Who are young carers and how many young carers are there?
A proportion of young people across Europe carry out a significant role in caring for their family member who is ill, disabled or misuses drugs or alcohol. These young people are defined in the literature as young carers (YCs), that is
“children and young persons under 18 who provide or intend to provide care, assistance or support to another family member. They carry out significant or substantial caring tasks, often on a regular basis, and assume a level of responsibility that would usually be associated with an adult”
Young adult carers are people aged 18-24 who provide or intend to provide care, assistance or support to another family member on an unpaid basis. The person receiving care is often a parent but can be a sibling, grandparent, partner, own child or other relative who is disabled, has some chronic illness, mental health problem or other condition (including substance misuse) connected with a need for care, support or supervision.
Despite the lack of specific figures on the number of YCs in Europe, the phenomenon is raising attention in many countries. In the United Kingdom, which has lead research on YCs in the last two decades, it is estimated that around 8% of population 11-18 years old are YCs. Similar figures apply to Sweden (7%, 14-16 years), whereas in other countries there are only more general data (in Italy, 2.8% of young people 15-24 years) or even none (as for Portugal and Slovenia).
The impact of caring on young people’s health, education, work opportunities and social inclusion
Caring activity can affect young carers’ education (e.g., under-achievement, absence and drop-outs) and social life (e.g., fewer social contacts, social stigma and bullying, less dedicated time for personal development and leisure).
In particular, being an adolescent YC is recognised as a risk factor for mental health and well-being, with around 50% experiencing care-related stress and 40% mental health problems (Carers Trust, 2016).
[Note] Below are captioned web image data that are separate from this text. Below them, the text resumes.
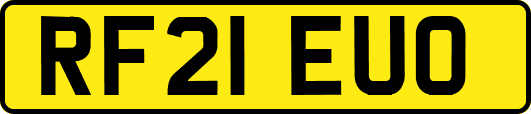 RF21EUO
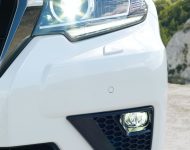 2021 Toyota Land Cruiser Prado - Headlight Wallpaper 190x150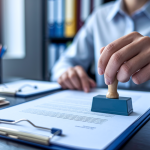 Comment Obtenir un Numéro de SIRET : Démarches et Documents Nécessaires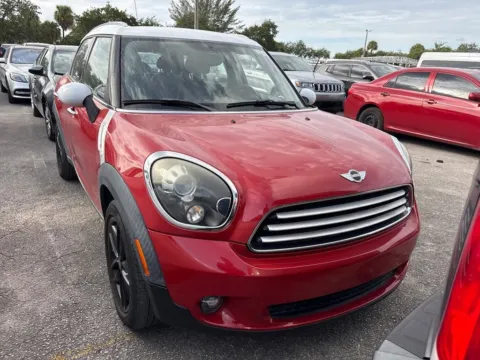 Photos of 2013 MINI Cooper Countryman for sale in Indianapolis, IN at AutoGiant USA Indianapolis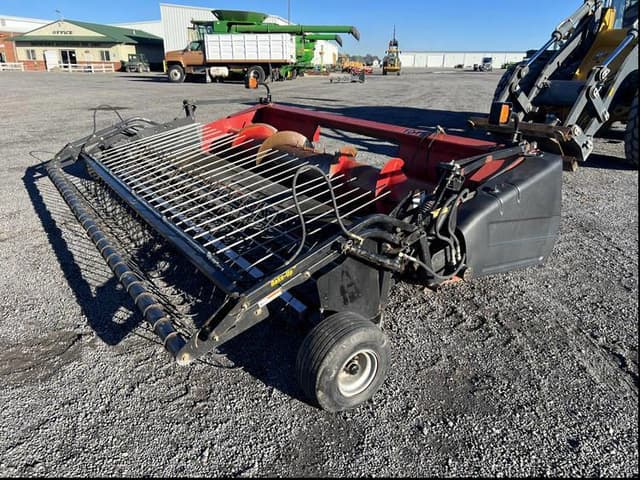 Image of Case IH 1015 equipment image 2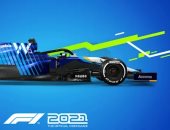 "F1 2021" تصل لأجهزة بلاى ستيشن وإكس بوكس والكمبيوتر فى 16 يوليو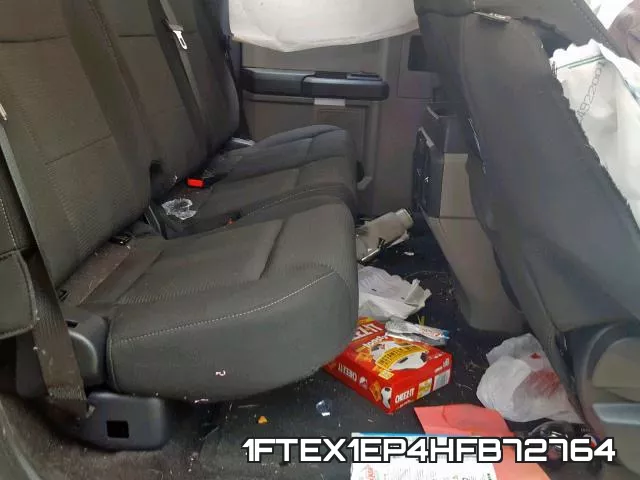 1FTEX1EP4HFB72764 фото 7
Such immediate negative consequences can lead to long-term health disadvantages for YCs in the life-course, such as increased risks for prolonged mental illness and occurrence of co-morbidities, and higher life-course social exclusion, due to lower educational qualifications and job opportunities.
Empowering school staff to identify and support YC in their educational career is vital to avoid these negative consequences and to allow young carers to engage fully with the educational and social opportunities available to them.